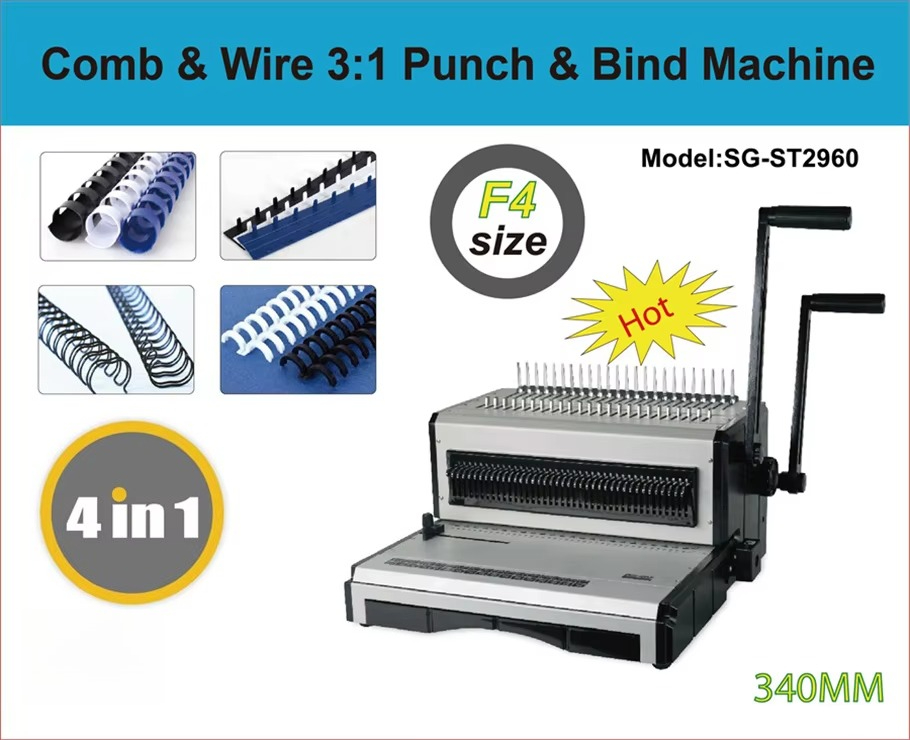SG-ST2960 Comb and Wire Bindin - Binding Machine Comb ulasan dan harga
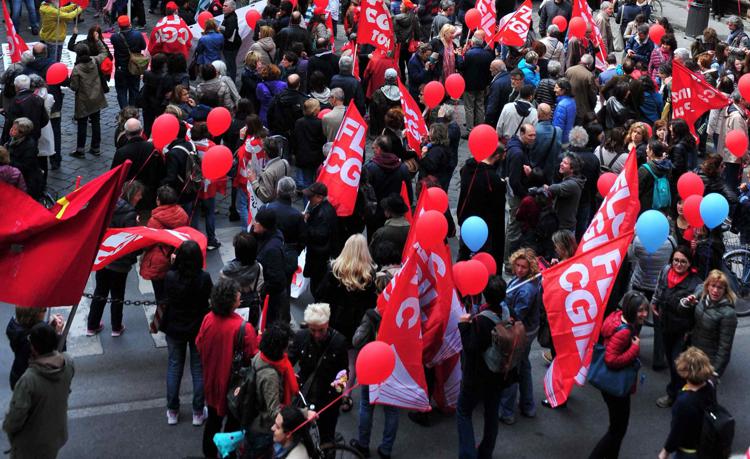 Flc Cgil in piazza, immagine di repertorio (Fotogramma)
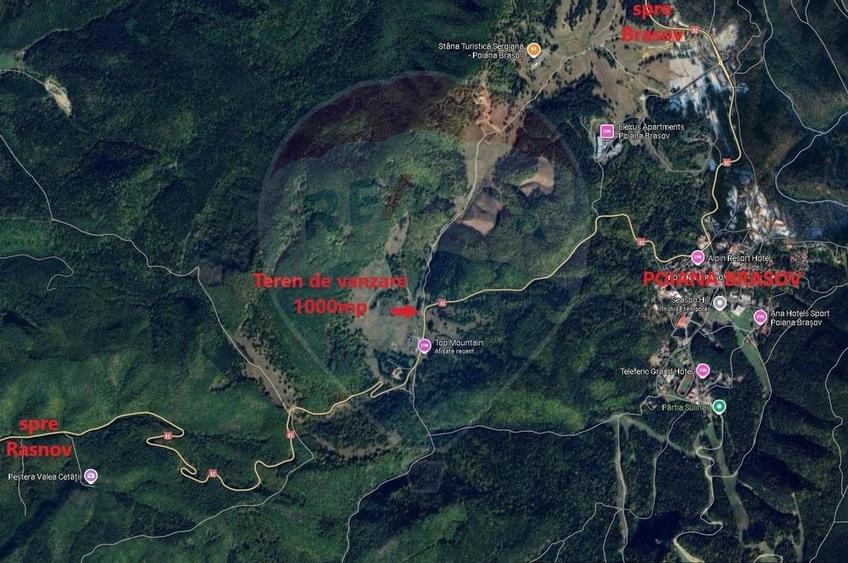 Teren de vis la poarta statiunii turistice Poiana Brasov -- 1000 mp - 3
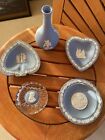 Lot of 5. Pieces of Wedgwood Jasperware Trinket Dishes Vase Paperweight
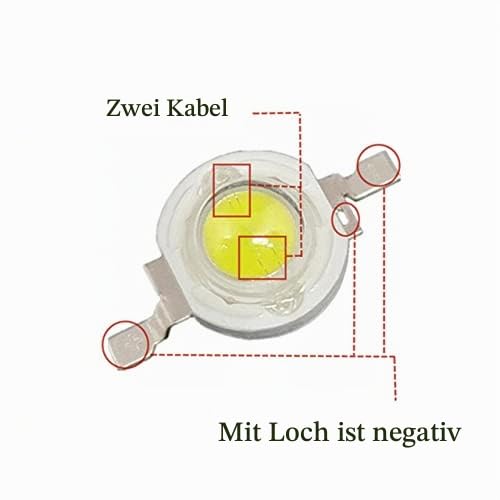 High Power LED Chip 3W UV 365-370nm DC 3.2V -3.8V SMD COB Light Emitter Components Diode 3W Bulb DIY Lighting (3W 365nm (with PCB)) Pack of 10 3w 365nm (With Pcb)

Problem to work on :: Leave every picture out, and reproduce exactly the lines from the line bearing "Teren de vis" through the closing line of the material above.

Your response ::
 Teren de vis la poarta statiunii turistice Poiana Brasov -- 1000 mp - 3
 Lot of 5. Pieces of Wedgwood Jasperware Trinket Dishes Vase Paperweight
 High Power LED Chip 3W UV 365-370nm DC 3.2V -3.8V SMD COB Light Emitter Components Diode 3W Bulb DIY Lighting (3W 365nm (with PCB)) Pack of 10 3w 365nm (With Pcb)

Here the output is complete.